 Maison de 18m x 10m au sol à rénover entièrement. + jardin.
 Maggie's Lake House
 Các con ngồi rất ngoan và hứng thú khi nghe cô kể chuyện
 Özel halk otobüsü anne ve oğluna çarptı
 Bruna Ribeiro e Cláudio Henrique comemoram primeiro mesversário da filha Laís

^^^^

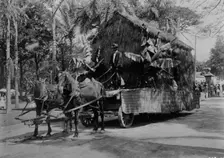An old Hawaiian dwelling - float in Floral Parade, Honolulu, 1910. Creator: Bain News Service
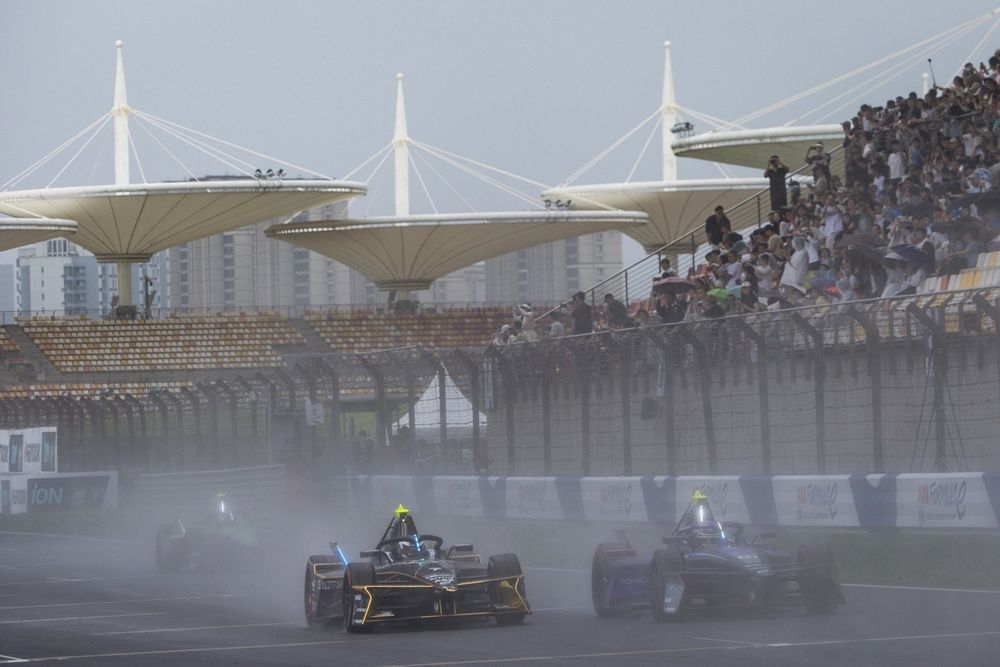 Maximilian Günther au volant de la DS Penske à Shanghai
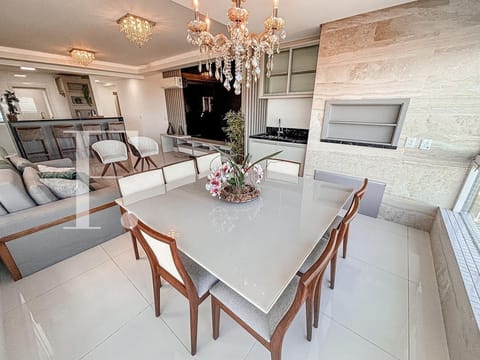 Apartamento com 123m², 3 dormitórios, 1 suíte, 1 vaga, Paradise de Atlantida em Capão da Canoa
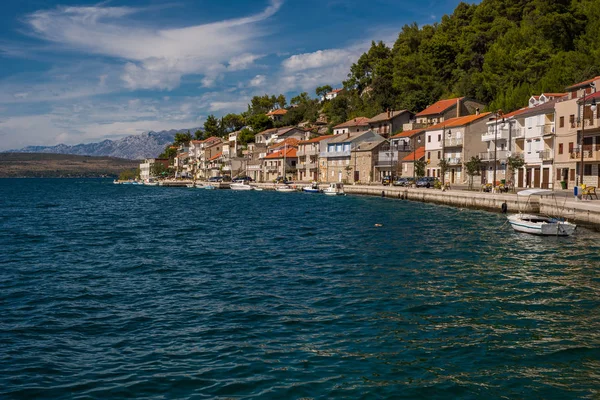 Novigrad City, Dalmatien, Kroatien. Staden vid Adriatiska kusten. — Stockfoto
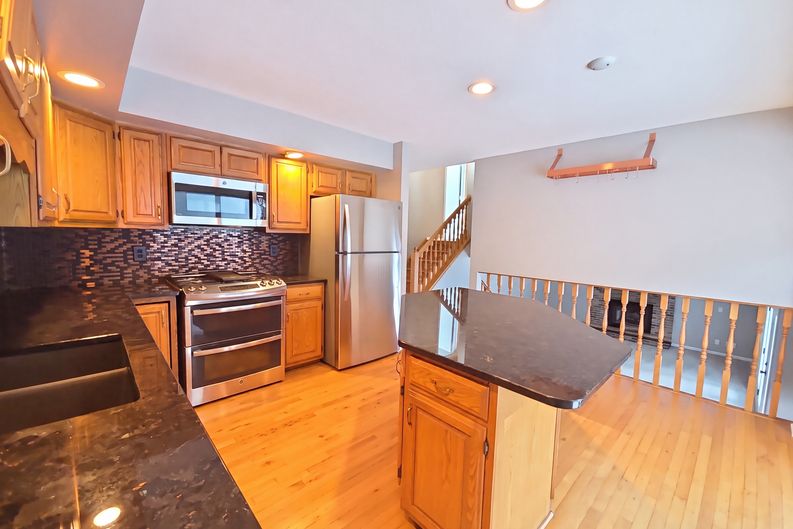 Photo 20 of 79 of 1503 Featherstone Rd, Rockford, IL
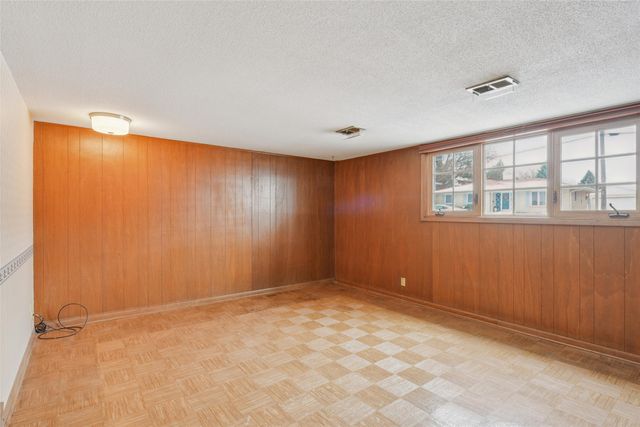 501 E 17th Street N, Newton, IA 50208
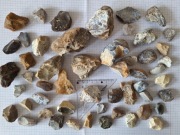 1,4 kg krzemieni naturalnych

^^^^

## Task item
Begin with the line that has "Maison de 18m" in the listing above and end after the line that has "Bruna Ribeiro e"; output those lines exactly.

## Exercise response
 Maison de 18m x 10m au sol à rénover entièrement. + jardin.
 Maggie's Lake House
 Các con ngồi rất ngoan và hứng thú khi nghe cô kể chuyện
 Özel halk otobüsü anne ve oğluna çarptı
 Bruna Ribeiro e Cláudio Henrique comemoram primeiro mesversário da filha Laís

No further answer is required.